Wade Nelson (Durango, Colorado)
I was too young to be drafted, yet somehow I knew the war was wrong. As I watched the evening "body counts" night after night I realized we were being lied to. And so I protested. I was called a pinko commie. A stupid kid. Told I was unpatriotic. Four protestors at Kent State paid the ultimate price for protesting an immoral, unjust war in a place we had no business being. The deaths of Alison Krause, Jeffrey Miller, Sandra Scheuer and William Schroeder shocked the nation. And changed the minds of many, including my pro-Nixon, pro-war Father. Protestors were gassed, were beaten, were arrested, were scorned. Yet by bringing the war to a close several years early, they saved thousands, if not tens of thousands of lives of American GIs, as surely as if they had taken up arms.

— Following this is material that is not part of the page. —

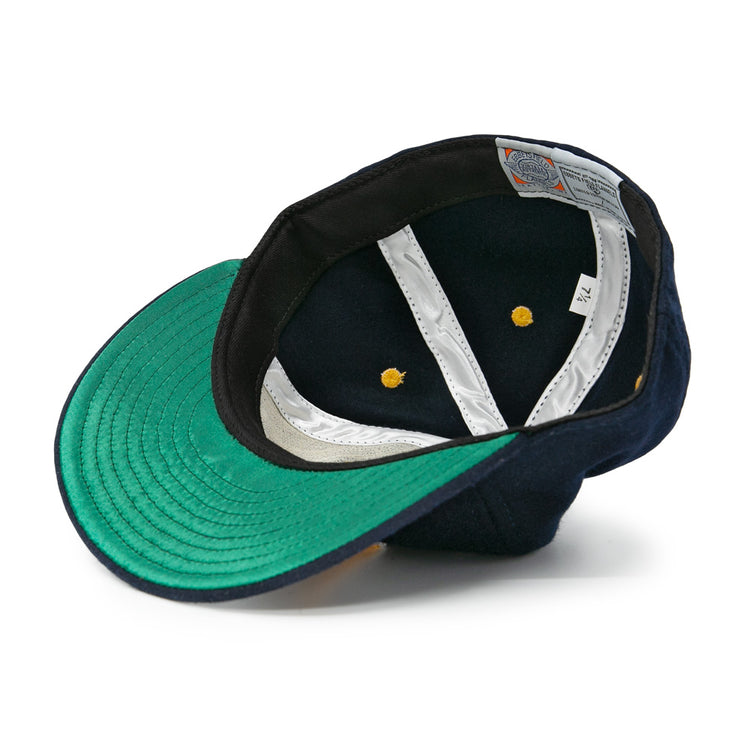 An authentic EFF Great Lakes Naval Station 1944 Vintage Ballcap, navy wool, is shown upside down to reveal its green underside brim, white lining, yellow rivets, visible labels, and size tag inside the crown.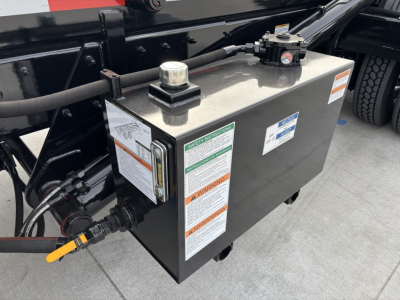 Truck chassis area showing a black rectangular tank with warning labels and caps; hoses and cables connected to left side; part of Volvo VHD64B300 truck.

To me this makes them heroes. In contrast to protestors, very few GI's actually got spit upon. As far as being called a commie, a dirty hippy, and unpatriotic for protesting Vietnam and the Iraq boondoggle, to me, that is a small price to pay for keeping American GI's out of unnecessary meatgrinders.
Dan Holton (TN)
The war in Vietnam was undertaken basically for 1 reason: to send a message to Latin America that this is what will happen to you if you continue your revolts against the U.S. It really was that simple.
Jp (Michigan)
We still have examples of resistance to illegal and immoral government actions. Just ask those who are working to undo Obama's executive orders. Fight the powers!
William Shelton (Juiz de Fora, MG, Brazil)
Excuse me? 1) This article isn't even remotely about the previous administration. 2) President Trump signed 58 executive orders during his first year compared to President Obama's 39. Furthermore, there are currently five active investigations involving the Trump administration, compared to none at the of President Obama's first year. Just who do you think your're kidding?
Margaret (Porter)
These men had the courage and strength to stand up for their beliefs in the face of authority's disapproval. While it is true that they had established channels to act on their objections, I do not underestimate the fortitude it took for these "All-American boys" to risk their futures, if not their lives, by their defiance. I fear that we live in times in which any of us may be called to stand up to abuse of authority and misuse of power. I pray, if called on, that I can summon similar courage. These men and their stories are an inspiration to me and a reminder that democracy is not free.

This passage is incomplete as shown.